To do:
Print the lines in the listing below starting at the line with "Fototapeta na wymiar" and ending at the line with "LIVING WORLD - Plato", both included. Reproduce them exactly and omit every picture.

Records:
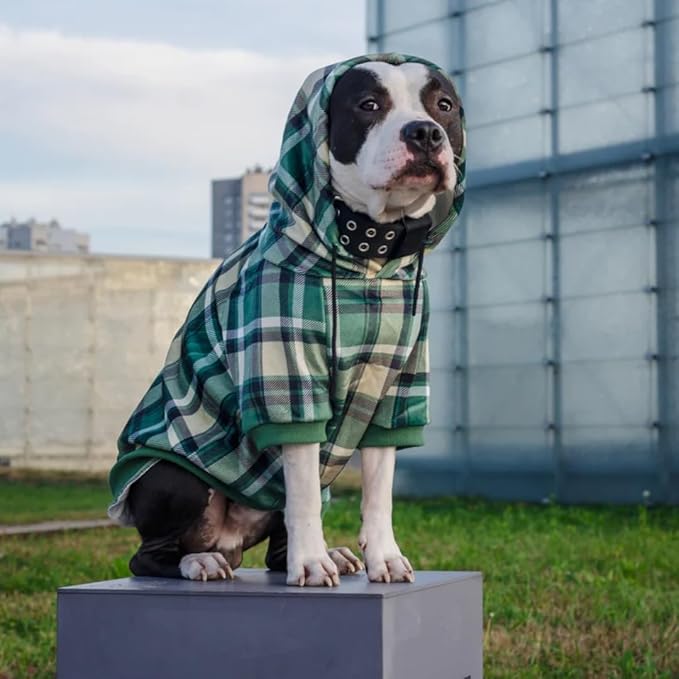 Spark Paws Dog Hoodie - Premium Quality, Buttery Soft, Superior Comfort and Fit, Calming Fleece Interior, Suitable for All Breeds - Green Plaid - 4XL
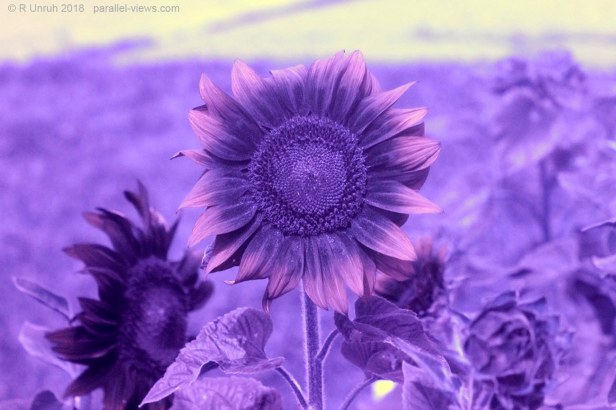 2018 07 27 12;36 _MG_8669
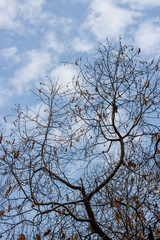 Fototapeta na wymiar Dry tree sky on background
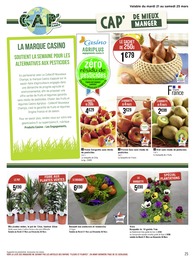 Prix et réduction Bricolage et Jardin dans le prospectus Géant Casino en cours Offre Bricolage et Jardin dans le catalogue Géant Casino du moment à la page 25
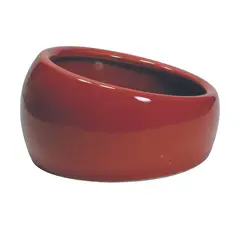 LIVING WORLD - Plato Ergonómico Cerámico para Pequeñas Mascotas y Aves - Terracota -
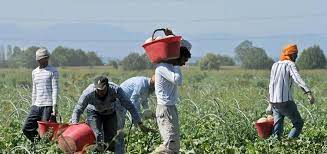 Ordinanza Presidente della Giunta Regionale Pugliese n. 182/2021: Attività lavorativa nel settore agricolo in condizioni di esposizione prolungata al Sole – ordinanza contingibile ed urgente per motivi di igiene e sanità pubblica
---
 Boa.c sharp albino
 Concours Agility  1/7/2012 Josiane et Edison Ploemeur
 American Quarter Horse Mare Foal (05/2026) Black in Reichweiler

Answer space:
 Fototapeta na wymiar Dry tree sky on background
 Prix et réduction Bricolage et Jardin dans le prospectus Géant Casino en cours Offre Bricolage et Jardin dans le catalogue Géant Casino du moment à la page 25
 LIVING WORLD - Plato Ergonómico Cerámico para Pequeñas Mascotas y Aves - Terracota -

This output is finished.